Kurz nach der Veröffentlichung der Panama Papers, die noch vieles im Unklaren lassen, werden die ersten politischen Forderungen in Deutschland laut. Da sind etwa Vorschläge zu mehr Transparenz. Denn ein Problem ist die Anonymität und, dass es legal ist, sein Kapital und dessen Wege unkenntlich zu machen. Geldflüsse von Firmen und Reichen sind nicht mehr zu verfolgen. Eine Transparenzoffensive könnte helfen sowie eine Verbesserung des Geldwäschegesetzes, mehr Datenaustausch zwischen Ländern.

Andere Vorschläge verfolgen den Ansatz, mit der Anonymität umzugehen, wenn sie sich schon nicht beseitigen lassen. Zum Beispiel: Eine Pauschalabgabe für Briefkastenfirmen und die Beweislastumkehr. Betroffene müssten sich also selbst entlasten, wenn die Vermutung der Steuerhinterziehung oder Geldwäsche im Raum steht.

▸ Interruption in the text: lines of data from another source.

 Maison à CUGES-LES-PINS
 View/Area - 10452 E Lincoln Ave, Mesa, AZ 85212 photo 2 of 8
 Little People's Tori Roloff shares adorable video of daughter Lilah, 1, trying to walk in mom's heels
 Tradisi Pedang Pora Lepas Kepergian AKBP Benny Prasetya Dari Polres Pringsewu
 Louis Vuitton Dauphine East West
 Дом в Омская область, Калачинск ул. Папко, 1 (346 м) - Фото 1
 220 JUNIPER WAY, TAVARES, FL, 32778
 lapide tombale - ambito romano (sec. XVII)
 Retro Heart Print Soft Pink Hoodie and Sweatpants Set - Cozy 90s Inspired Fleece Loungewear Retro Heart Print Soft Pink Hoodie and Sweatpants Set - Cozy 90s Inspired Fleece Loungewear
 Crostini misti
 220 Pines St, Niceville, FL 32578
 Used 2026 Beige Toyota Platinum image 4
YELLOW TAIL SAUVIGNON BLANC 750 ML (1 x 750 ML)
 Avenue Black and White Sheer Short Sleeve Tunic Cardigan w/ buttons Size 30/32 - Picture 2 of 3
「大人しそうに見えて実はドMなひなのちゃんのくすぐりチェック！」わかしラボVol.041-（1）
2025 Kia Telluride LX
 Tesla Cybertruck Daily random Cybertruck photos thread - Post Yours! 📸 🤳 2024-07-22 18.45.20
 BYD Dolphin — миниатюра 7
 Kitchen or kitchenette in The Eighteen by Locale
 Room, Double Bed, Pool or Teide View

"Wir leben in einem Land, wo aufgrund von Lobbyisten nicht mal dämliche Plastiktüten verboten werden können. Da können wir uns vorstellen, wie groß die Beharrungskräfte der Finanzlobbys sind."
Klaus Remme, DRadio Wissen

Finanzminister Wolfgang Schäuble will die Aufmerksamkeit nutzen, um beim Thema aktiv zu werden. Bald trifft sich der Internationale Währungsfonds zur Frühjahrstagung, um Vorschläge zu erarbeiten. Sven Giegold, Politiker bei den Grünen, sagt: "Das ist dringend nötig. Wir sind eins der zentralen Zielländer für Schwarzgeld."

Welche Wirkung die Panama Papers haben werden, ist schwer zu beurteilen - es kommt aber auch auf die eigenen Erwartungen an. Eine Handvoll Finanzminister können nicht plötzlich den Hebel umlegen und alle Probleme sind gelöst. Aber, da ist sich DRadio-Wissen-Reporter Klaus Remme sicher:

"Die Story bleibt nicht ohne Wirkung. Firmen und Superreiche müssen sich fragen, ob sie Gefahr laufen wollen, mit Diktatoren, Waffenschiebern und Terroristen in einem Atemzug genannt zu werden."